The winner was the person with the least obvious last words, but everyone wins when we're laughing at death. What are your not-so famous last words?
farfegnugen!
Heard while camping: "Probably just a deer."
not last words,
"We always take a fat guy camping."
"I drive better when I've been drinking."
"Here, hold this while I take a leak." -- forgetful plane-jumper who passed his parachute to a friend.
"It's the red one, right?"
"Oh, so you think you can tie me to a chair, stick a knife to my throat, and I'll tell you what you want to know? Fuck you, bitch."
"Blowfish?"
"What's in the anesthetic, propofol? Are there going to be side effects?"

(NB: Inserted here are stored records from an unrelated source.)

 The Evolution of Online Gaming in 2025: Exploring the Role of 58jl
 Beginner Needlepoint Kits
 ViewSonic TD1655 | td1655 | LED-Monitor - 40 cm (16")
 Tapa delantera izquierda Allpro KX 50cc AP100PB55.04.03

"See you in hell for breakfast, boys!' cowboy gunslinger, just before getting the noose, always admired his bravado.
Good ad. If I wanted to spend money on an iPhone, I'd probably also be totally willing to spend even more money on increasing the number of "people" who follow my instagram account.
J.Y. I'm thinking that the front doors need to be battened down. Really, several ad bots have slipped their leashes and made it inside lit. Maybe a captcha like rockets-register could be added.

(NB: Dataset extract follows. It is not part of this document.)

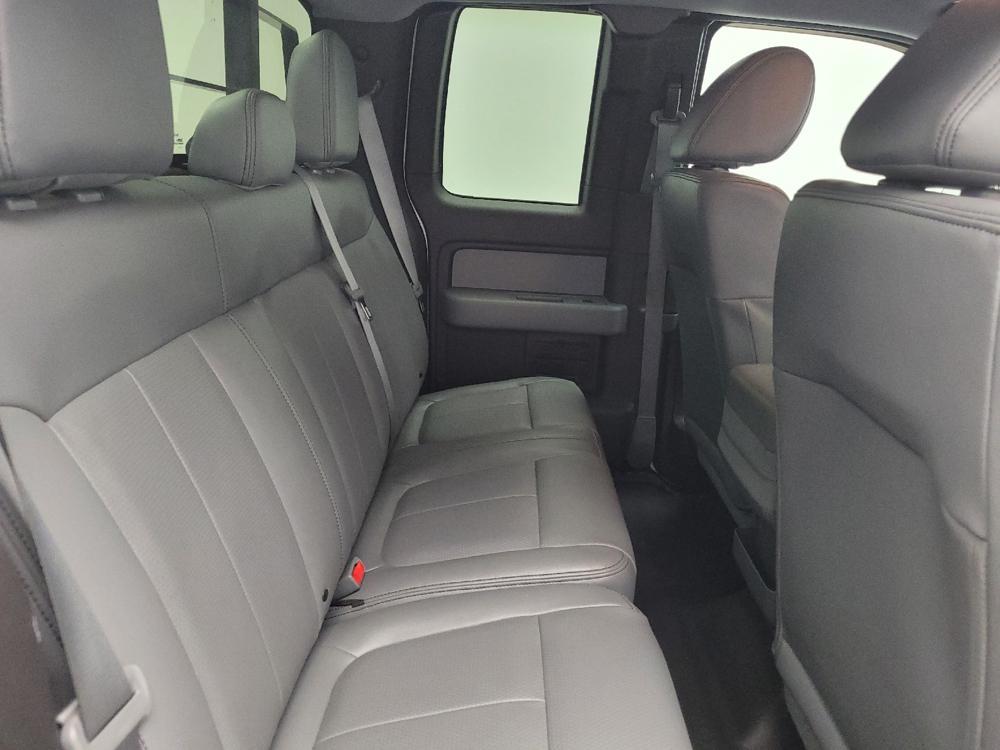 used 2014 Ford F-150 car, priced at $16,095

They might even be "real people."
"Now is not the time for making enemies."
Voltaire on his deathbed when asked to repent by a priest. (At least that's the story.)

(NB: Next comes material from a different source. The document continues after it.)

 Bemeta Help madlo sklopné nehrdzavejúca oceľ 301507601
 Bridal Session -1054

"I will be tweeting this to my followers" could be, or should be, (non)famous last words!
"He'd never really hurt me."
"Oh shit." Elvis. He died on a toilet.
"Your daughter's a pretty good kisser."
-some unfortunate teenage boy, about 13 (hopefully more like 17) years from now
"Watch this!"
"Nobody calls me chicken."
"The GPS says there's a road here."
"I choose hunga-bunga." (Remember that old joke?)
Haha! I remember that joke.
'I wonder what this button does...'
"But I love _____."
"Then you just set this like..."
Make sure the bear is in the frame!
For laughs: "Dude, they're just like house cats, only bigger. Trust me!"
Seriously: My grandpa died last fall from a stroke that followed a heart attack. The last interaction he had with us before slipping into a coma for a day then passing away, was in response to me squeezing his hand and telling him if he was suffering he was free to go. He lifted the other hand and gave that universal OK sign. It still makes me cry to think about him, but that was perhaps the single coolest thing I have ever seen in relation to dying.
Saw a quote in the news a month or two back where a guy asked, "What are you gonna do, stab me?"
He got stabbed.
@diaz: He wasn't asked to repent, that was in response to the priest asking him to renounce Satan.
"She won't mind."
Didn't read it.
"Do the exit lights have battery back up?"